Tomasz Stańczak, the new co-executive director of the Ethereum Foundation, said institutions are choosing Ethereum for the same core reasons.
“Ten years without stopping for a moment. Ten years of upgrades, with a huge dedication to security and censorship resistance,” he said.
He added that when institutions send orders to the market, they want to be “absolutely sure that their order is treated fairly, that nobody has preference, that the transaction actually is executed at the time when it’s delivered.”
Those guarantees have become increasingly valuable as stablecoins and tokenized assets move into the mainstream.
Ethereum’s core values — neutrality, security, and censorship resistance — are emerging as competitive advantages.
The real test now is whether Ethereum can scale without losing its values.
“We don’t just want to succeed,” Buterin said from the mainstage of the Palais this week. “We want to be something that is worthy of succeeding.”
He said the hope is that future generations will look back and see a network that truly delivered openness, freedom, and permissionless access to the masses.
White-clad guests dance poolside at the rAAVE party in Cannes.
MacKenzie Sigalos
But the week didn’t end in the conference halls, it closed with tradition. On the balcony of Villa Montana, overlooking the Bay of Cannes, the rAAVE party lit up.

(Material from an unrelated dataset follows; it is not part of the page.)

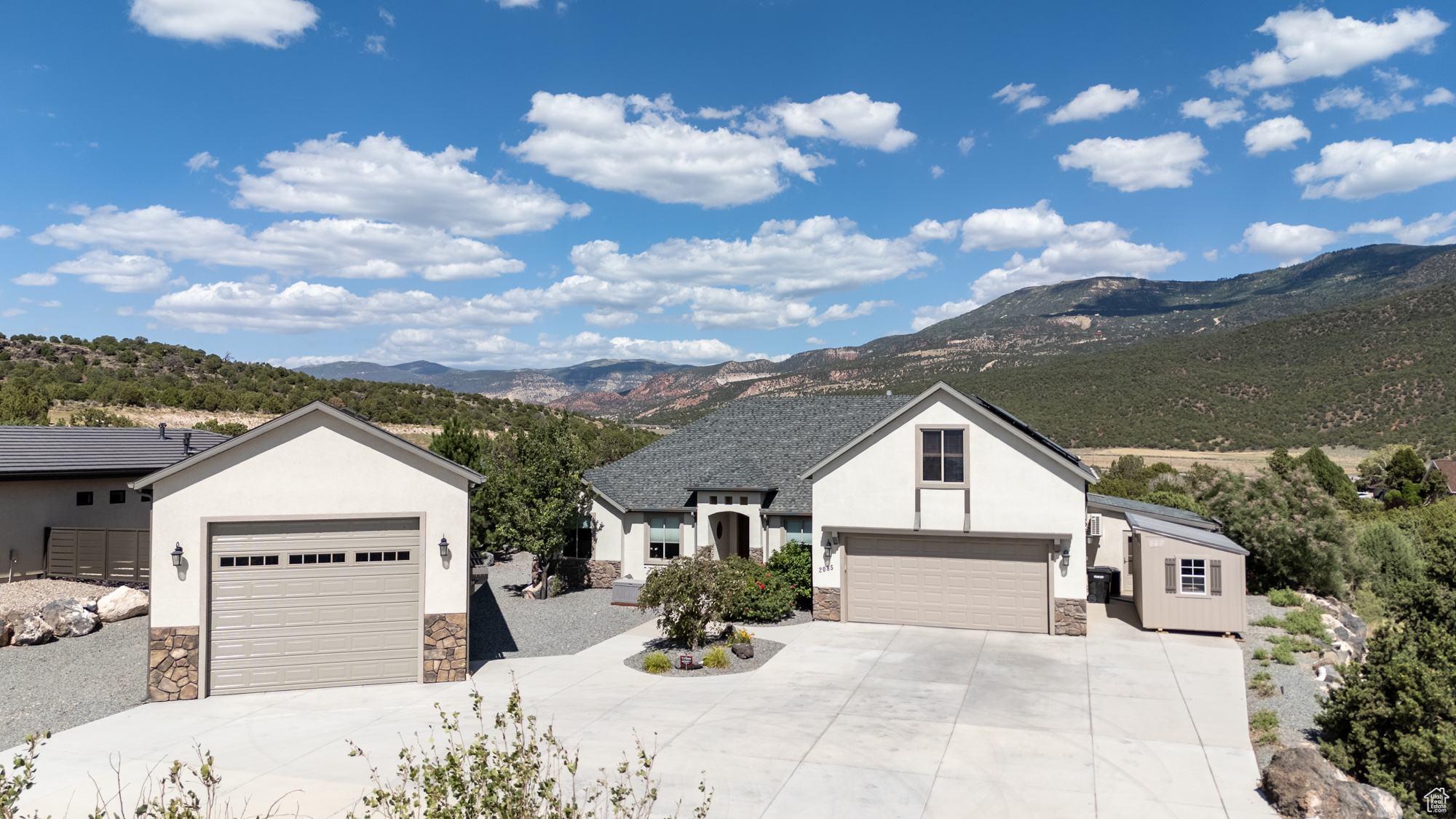 EAGLE RIDGE AT SOUTH MOUNTAIN - Residential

White-clad guests sipped cocktails as the DJ spun by the pool, haze curling from smoke machines.
This year, Chainlink co-founder Sergey Nazarov and DeFi icon Stani Kulechov, founder of Aave, stood atop the balcony overlooking the crowd and the light-dotted skyline of Cannes.
It was a fitting snapshot of the momentum behind Ethereum’s institutional rise and symbolic of Web3’s shift from niche experiment to financial mainstay.